↓↓↓

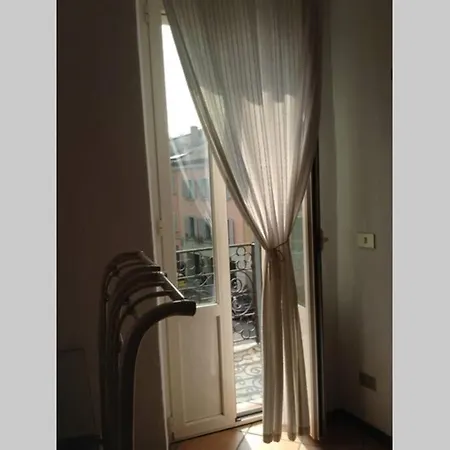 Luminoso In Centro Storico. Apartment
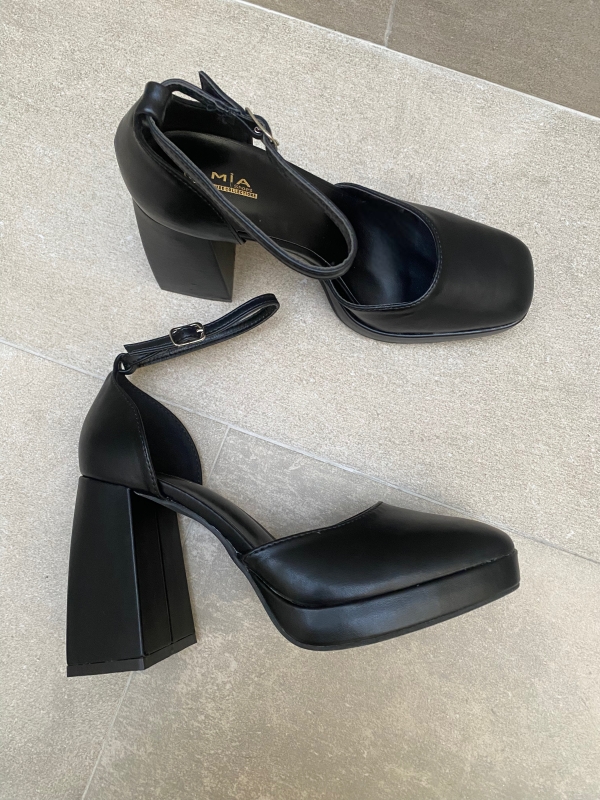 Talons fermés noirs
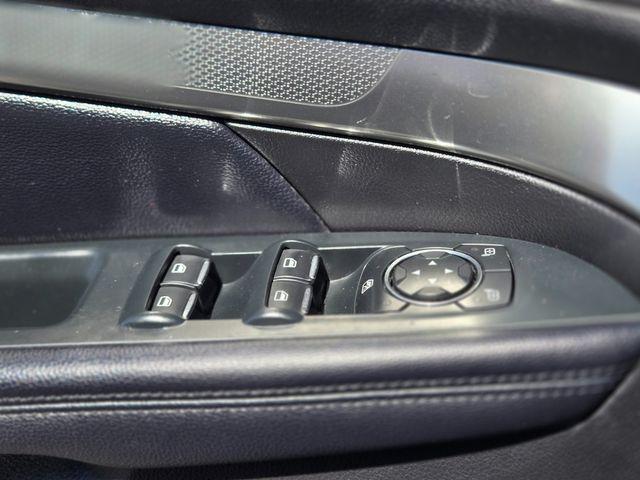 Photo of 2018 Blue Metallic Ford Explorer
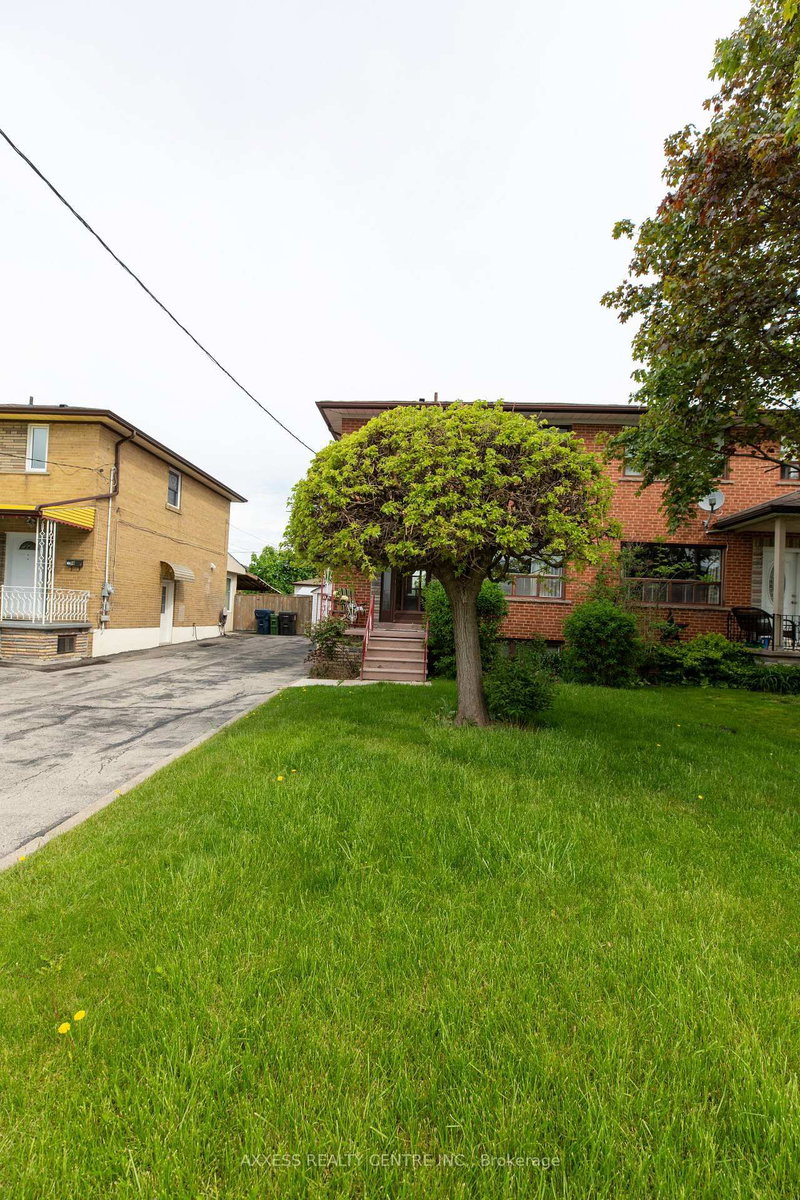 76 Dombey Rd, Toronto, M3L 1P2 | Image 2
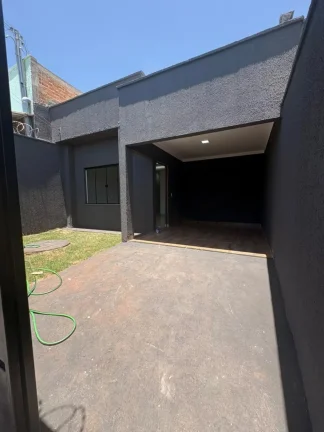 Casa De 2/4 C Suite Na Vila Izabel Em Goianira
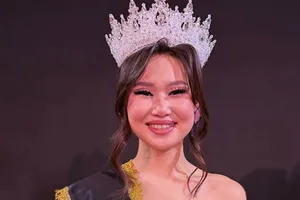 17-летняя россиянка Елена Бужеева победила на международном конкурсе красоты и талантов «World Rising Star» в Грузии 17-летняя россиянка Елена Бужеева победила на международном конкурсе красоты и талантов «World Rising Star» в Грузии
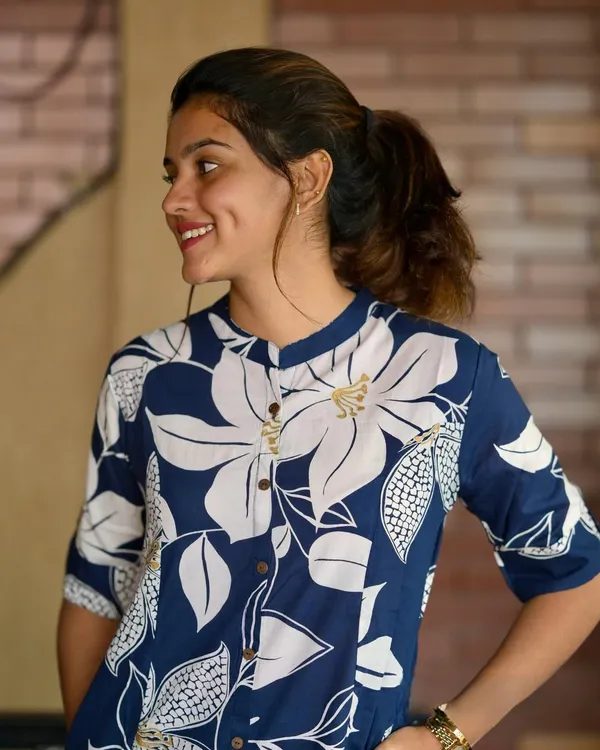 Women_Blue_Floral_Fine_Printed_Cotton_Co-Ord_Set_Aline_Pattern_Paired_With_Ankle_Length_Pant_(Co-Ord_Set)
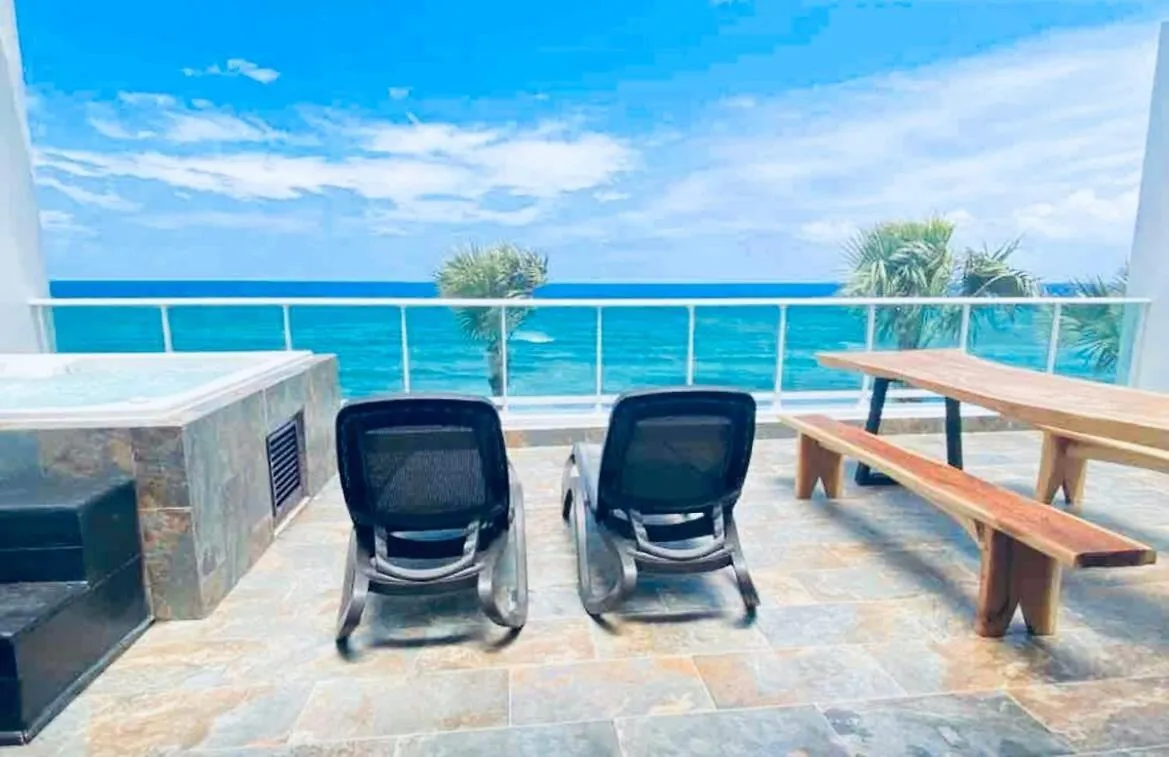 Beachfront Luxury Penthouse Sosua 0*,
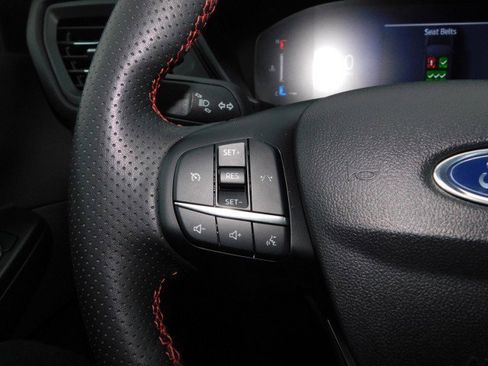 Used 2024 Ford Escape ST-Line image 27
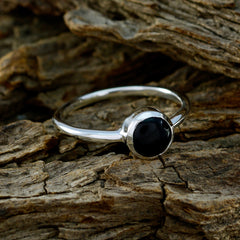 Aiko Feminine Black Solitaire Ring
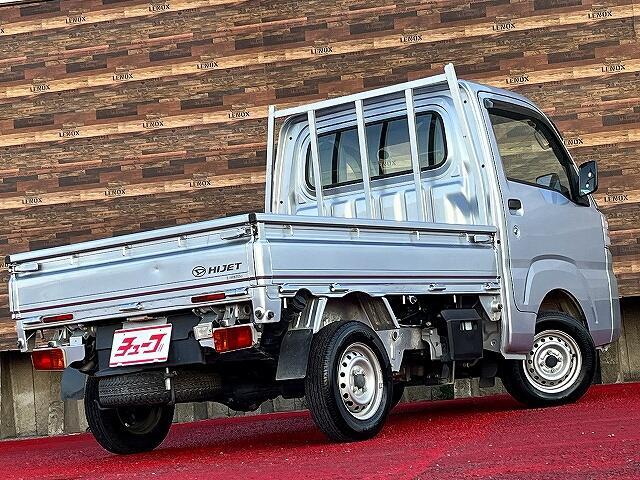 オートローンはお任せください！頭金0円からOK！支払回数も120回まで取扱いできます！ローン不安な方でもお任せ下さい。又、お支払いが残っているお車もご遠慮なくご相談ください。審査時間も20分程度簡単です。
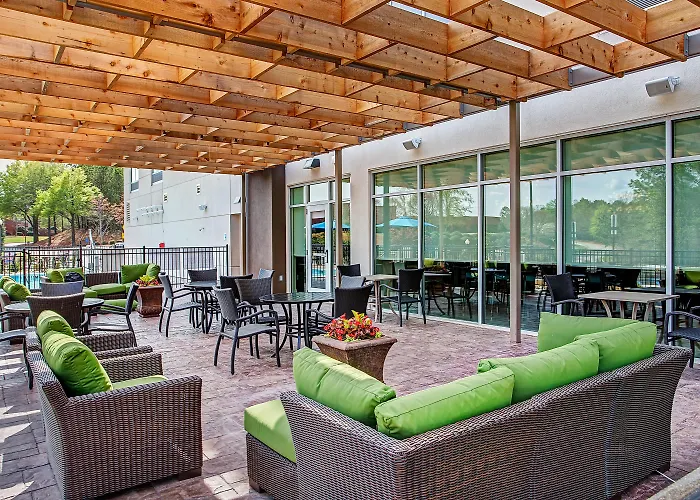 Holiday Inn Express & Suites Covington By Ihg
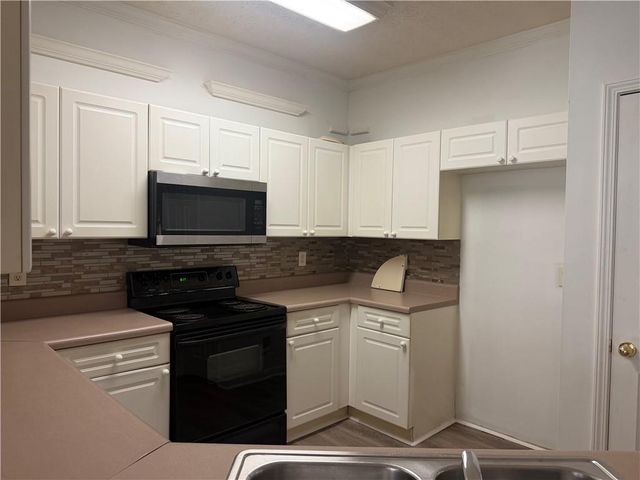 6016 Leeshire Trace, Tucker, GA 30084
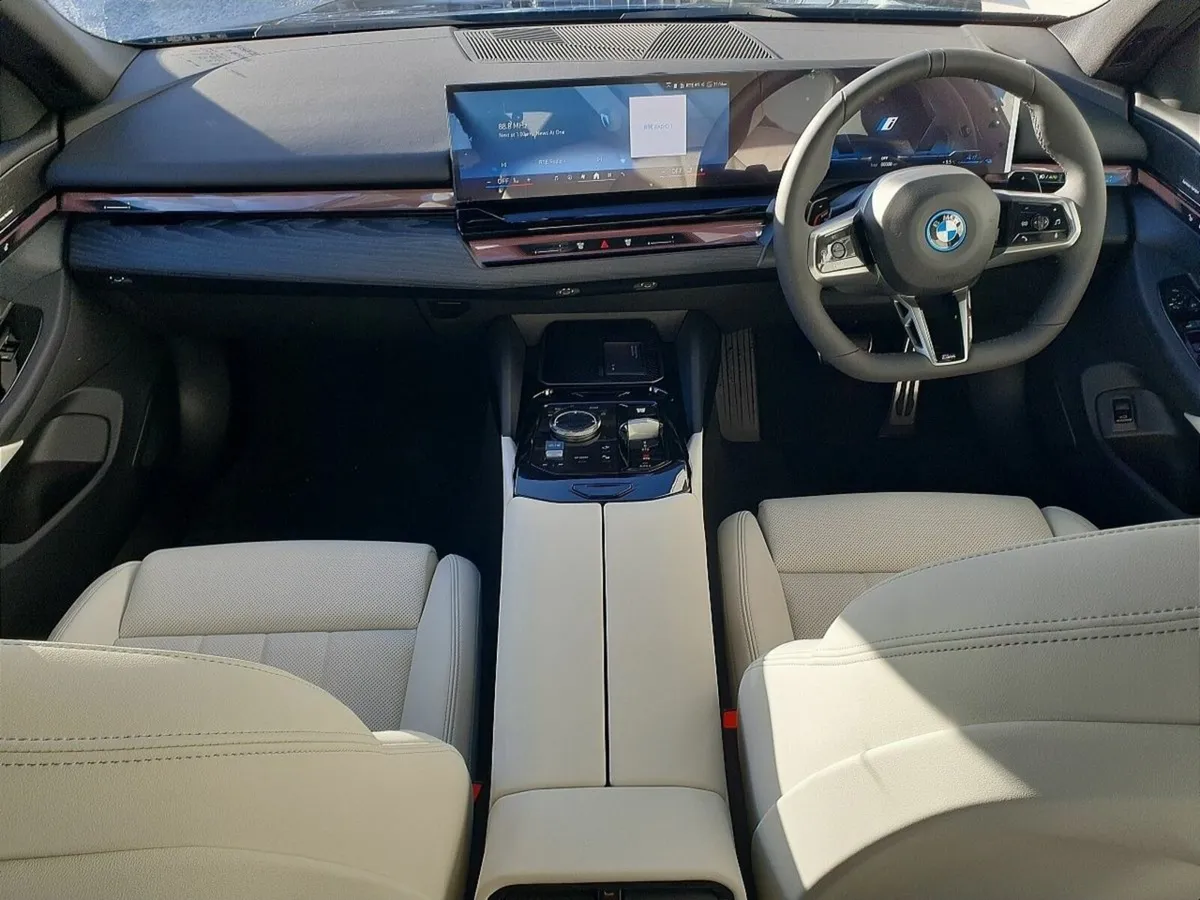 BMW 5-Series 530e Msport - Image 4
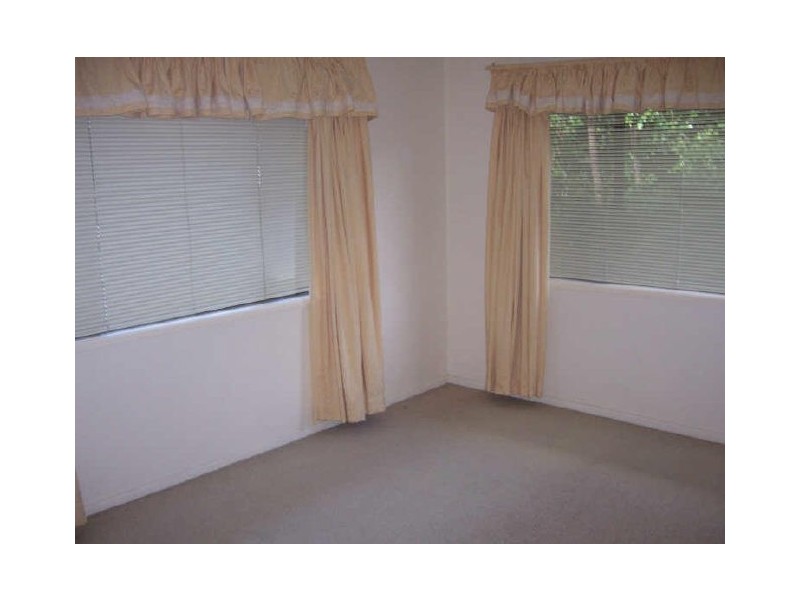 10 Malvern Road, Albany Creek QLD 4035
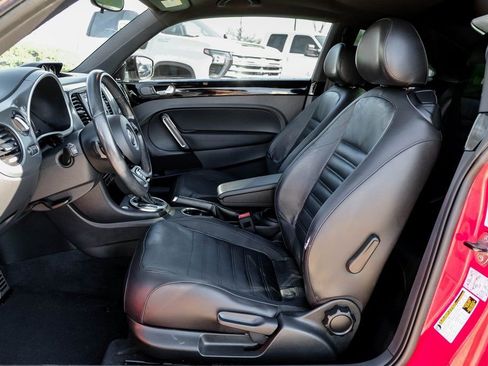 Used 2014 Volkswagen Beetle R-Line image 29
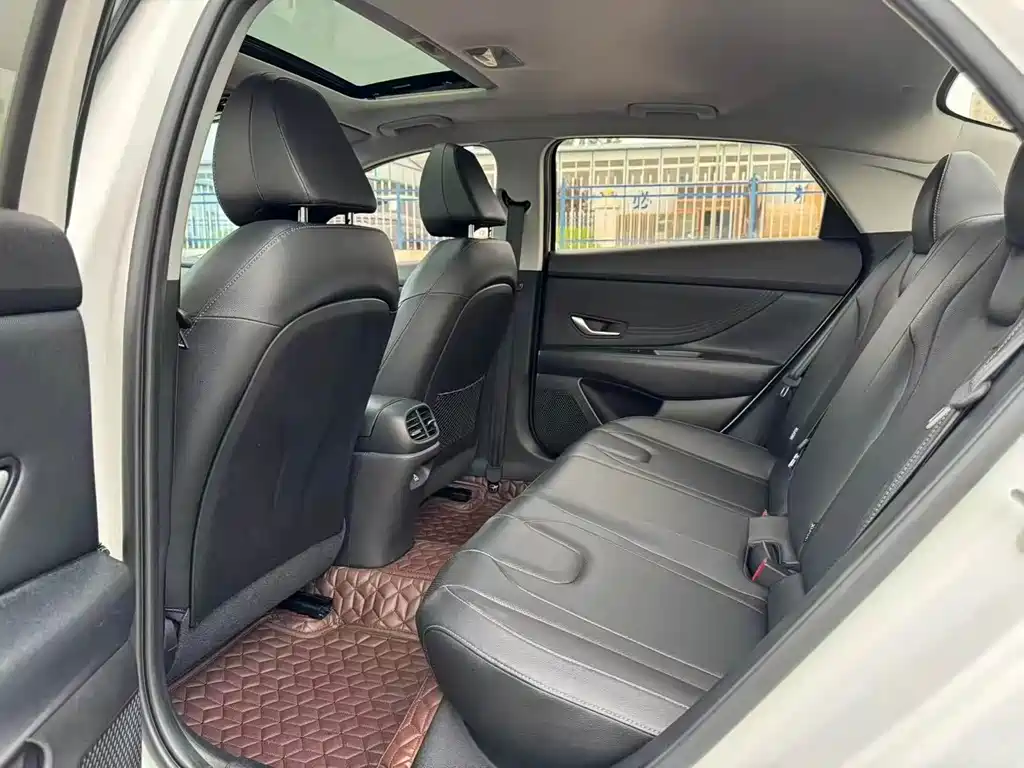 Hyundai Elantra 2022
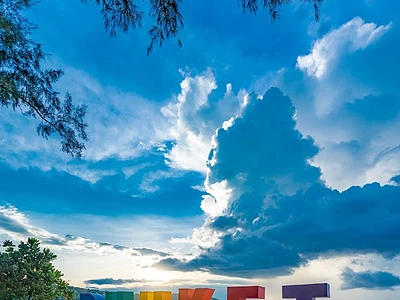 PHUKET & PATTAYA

↑↑↑

WHAT TO DO -> Every line of the data is to be transcribed exactly, and no picture is to be included.

RESPONSE ->
 Luminoso In Centro Storico. Apartment
 Talons fermés noirs
 Photo of 2018 Blue Metallic Ford Explorer
 76 Dombey Rd, Toronto, M3L 1P2 | Image 2
 Casa De 2/4 C Suite Na Vila Izabel Em Goianira
 17-летняя россиянка Елена Бужеева победила на международном конкурсе красоты и талантов «World Rising Star» в Грузии 17-летняя россиянка Елена Бужеева победила на международном конкурсе красоты и талантов «World Rising Star» в Грузии
 Women_Blue_Floral_Fine_Printed_Cotton_Co-Ord_Set_Aline_Pattern_Paired_With_Ankle_Length_Pant_(Co-Ord_Set)
 Beachfront Luxury Penthouse Sosua 0*,
 Used 2024 Ford Escape ST-Line image 27
 Aiko Feminine Black Solitaire Ring
 オートローンはお任せください！頭金0円からOK！支払回数も120回まで取扱いできます！ローン不安な方でもお任せ下さい。又、お支払いが残っているお車もご遠慮なくご相談ください。審査時間も20分程度簡単です。
 Holiday Inn Express & Suites Covington By Ihg
 6016 Leeshire Trace, Tucker, GA 30084
 BMW 5-Series 530e Msport - Image 4
 10 Malvern Road, Albany Creek QLD 4035
 Used 2014 Volkswagen Beetle R-Line image 29
 Hyundai Elantra 2022
 PHUKET & PATTAYA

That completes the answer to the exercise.